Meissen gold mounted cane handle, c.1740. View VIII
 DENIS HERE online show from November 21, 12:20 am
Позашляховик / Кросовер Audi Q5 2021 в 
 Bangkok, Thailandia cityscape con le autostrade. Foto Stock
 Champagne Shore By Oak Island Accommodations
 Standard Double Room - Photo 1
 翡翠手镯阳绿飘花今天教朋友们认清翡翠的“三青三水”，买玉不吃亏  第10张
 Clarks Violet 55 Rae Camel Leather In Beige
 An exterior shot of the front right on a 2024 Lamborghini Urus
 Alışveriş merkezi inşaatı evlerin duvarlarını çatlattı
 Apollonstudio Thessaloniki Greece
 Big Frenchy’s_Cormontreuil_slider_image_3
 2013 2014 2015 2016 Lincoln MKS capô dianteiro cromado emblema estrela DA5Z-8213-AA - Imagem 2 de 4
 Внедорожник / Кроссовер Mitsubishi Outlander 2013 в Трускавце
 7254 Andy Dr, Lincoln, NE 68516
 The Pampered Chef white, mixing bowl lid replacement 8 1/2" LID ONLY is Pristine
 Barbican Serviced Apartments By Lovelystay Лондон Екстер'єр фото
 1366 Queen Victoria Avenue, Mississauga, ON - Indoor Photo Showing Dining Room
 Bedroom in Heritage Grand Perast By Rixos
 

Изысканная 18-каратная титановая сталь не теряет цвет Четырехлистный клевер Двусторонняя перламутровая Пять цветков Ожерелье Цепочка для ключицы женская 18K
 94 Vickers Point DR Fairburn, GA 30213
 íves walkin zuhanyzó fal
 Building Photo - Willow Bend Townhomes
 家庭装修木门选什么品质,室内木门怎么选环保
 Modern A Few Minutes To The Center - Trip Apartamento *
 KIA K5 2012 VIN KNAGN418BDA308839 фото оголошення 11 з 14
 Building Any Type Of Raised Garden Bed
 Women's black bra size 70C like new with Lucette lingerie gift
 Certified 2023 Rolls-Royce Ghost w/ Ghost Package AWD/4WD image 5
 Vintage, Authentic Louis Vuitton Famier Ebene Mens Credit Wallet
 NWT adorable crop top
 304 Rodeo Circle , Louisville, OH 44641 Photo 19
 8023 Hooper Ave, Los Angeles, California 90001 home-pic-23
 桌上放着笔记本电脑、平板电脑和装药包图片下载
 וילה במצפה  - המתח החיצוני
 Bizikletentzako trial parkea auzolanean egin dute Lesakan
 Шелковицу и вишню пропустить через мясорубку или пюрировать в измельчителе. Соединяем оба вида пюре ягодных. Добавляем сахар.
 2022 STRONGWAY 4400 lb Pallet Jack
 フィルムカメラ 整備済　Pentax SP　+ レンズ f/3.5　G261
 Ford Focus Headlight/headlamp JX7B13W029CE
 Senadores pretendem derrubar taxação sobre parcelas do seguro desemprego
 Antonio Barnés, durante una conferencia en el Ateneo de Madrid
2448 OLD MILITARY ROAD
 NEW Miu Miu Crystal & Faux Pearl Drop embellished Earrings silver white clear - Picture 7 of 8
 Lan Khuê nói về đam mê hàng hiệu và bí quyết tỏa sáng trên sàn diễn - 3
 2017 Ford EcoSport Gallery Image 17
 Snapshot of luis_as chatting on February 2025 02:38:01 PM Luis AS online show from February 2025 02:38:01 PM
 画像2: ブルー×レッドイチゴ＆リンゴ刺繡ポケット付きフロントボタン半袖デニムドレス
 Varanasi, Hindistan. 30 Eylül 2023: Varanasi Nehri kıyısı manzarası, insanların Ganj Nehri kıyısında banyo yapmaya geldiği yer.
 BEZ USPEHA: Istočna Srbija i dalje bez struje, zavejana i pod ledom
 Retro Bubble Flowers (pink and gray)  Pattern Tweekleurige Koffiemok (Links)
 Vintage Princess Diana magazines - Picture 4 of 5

--*--

* _Exercise_:
Please return exactly the lines from the opening line of the data above through the line with "家庭装修木门选什么品质,室内木门怎么选环保", both included and nothing else.

* _Written response_:
Meissen gold mounted cane handle, c.1740. View VIII
 DENIS HERE online show from November 21, 12:20 am
Позашляховик / Кросовер Audi Q5 2021 в 
 Bangkok, Thailandia cityscape con le autostrade. Foto Stock
 Champagne Shore By Oak Island Accommodations
 Standard Double Room - Photo 1
 翡翠手镯阳绿飘花今天教朋友们认清翡翠的“三青三水”，买玉不吃亏  第10张
 Clarks Violet 55 Rae Camel Leather In Beige
 An exterior shot of the front right on a 2024 Lamborghini Urus
 Alışveriş merkezi inşaatı evlerin duvarlarını çatlattı
 Apollonstudio Thessaloniki Greece
 Big Frenchy’s_Cormontreuil_slider_image_3
 2013 2014 2015 2016 Lincoln MKS capô dianteiro cromado emblema estrela DA5Z-8213-AA - Imagem 2 de 4
 Внедорожник / Кроссовер Mitsubishi Outlander 2013 в Трускавце
 7254 Andy Dr, Lincoln, NE 68516
 The Pampered Chef white, mixing bowl lid replacement 8 1/2" LID ONLY is Pristine
 Barbican Serviced Apartments By Lovelystay Лондон Екстер'єр фото
 1366 Queen Victoria Avenue, Mississauga, ON - Indoor Photo Showing Dining Room
 Bedroom in Heritage Grand Perast By Rixos
 

Изысканная 18-каратная титановая сталь не теряет цвет Четырехлистный клевер Двусторонняя перламутровая Пять цветков Ожерелье Цепочка для ключицы женская 18K
 94 Vickers Point DR Fairburn, GA 30213
 íves walkin zuhanyzó fal
 Building Photo - Willow Bend Townhomes
 家庭装修木门选什么品质,室内木门怎么选环保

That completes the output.